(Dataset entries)
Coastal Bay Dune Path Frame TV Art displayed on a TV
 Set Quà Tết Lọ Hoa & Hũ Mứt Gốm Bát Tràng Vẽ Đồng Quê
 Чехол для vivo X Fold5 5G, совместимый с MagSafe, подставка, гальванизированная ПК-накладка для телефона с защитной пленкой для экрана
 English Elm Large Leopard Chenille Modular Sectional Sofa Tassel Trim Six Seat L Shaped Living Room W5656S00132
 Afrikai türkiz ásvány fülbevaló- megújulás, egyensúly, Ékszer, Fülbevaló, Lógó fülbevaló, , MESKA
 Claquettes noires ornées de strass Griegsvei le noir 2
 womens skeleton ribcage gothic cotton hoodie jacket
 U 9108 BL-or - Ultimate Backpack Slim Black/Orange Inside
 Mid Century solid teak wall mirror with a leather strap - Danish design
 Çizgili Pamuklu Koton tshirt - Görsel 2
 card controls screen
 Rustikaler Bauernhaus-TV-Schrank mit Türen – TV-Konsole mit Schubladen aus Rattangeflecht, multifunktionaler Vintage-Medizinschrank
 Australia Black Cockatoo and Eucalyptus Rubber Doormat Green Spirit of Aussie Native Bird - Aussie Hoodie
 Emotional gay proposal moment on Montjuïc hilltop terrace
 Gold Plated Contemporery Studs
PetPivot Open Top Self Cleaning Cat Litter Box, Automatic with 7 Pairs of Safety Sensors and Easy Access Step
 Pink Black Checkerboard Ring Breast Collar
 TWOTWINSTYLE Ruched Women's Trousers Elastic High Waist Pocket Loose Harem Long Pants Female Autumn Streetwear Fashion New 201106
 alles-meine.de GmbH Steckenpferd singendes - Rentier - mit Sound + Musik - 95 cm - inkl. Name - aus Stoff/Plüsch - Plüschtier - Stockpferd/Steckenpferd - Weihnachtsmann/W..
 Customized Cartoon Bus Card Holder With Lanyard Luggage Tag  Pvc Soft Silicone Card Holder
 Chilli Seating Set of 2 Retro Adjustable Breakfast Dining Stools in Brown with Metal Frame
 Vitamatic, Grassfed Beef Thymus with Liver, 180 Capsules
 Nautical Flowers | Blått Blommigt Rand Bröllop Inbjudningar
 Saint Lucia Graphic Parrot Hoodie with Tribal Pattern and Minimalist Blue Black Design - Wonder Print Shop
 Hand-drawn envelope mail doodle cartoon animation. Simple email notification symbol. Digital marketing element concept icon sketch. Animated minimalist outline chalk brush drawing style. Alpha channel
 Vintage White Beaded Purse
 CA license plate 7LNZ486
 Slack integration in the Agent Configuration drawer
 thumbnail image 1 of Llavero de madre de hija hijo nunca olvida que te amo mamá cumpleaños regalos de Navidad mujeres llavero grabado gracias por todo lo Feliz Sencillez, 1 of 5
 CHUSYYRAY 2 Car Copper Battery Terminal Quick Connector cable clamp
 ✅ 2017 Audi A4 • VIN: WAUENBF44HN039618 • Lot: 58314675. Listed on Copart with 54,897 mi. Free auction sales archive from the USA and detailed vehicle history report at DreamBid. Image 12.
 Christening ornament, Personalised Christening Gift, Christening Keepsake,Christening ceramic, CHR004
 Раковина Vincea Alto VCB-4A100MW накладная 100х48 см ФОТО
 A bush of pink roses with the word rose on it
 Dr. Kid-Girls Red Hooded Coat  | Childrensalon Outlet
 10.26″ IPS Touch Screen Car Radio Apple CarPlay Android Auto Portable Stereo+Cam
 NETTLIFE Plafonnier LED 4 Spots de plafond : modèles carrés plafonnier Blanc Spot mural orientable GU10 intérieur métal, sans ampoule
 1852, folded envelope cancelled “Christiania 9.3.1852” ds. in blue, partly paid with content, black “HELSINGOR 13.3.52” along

### Task goal
Lines with "Frame": find them in the data and copy each one.

### Output for this exercise
Coastal Bay Dune Path Frame TV Art displayed on a TV
 Chilli Seating Set of 2 Retro Adjustable Breakfast Dining Stools in Brown with Metal Frame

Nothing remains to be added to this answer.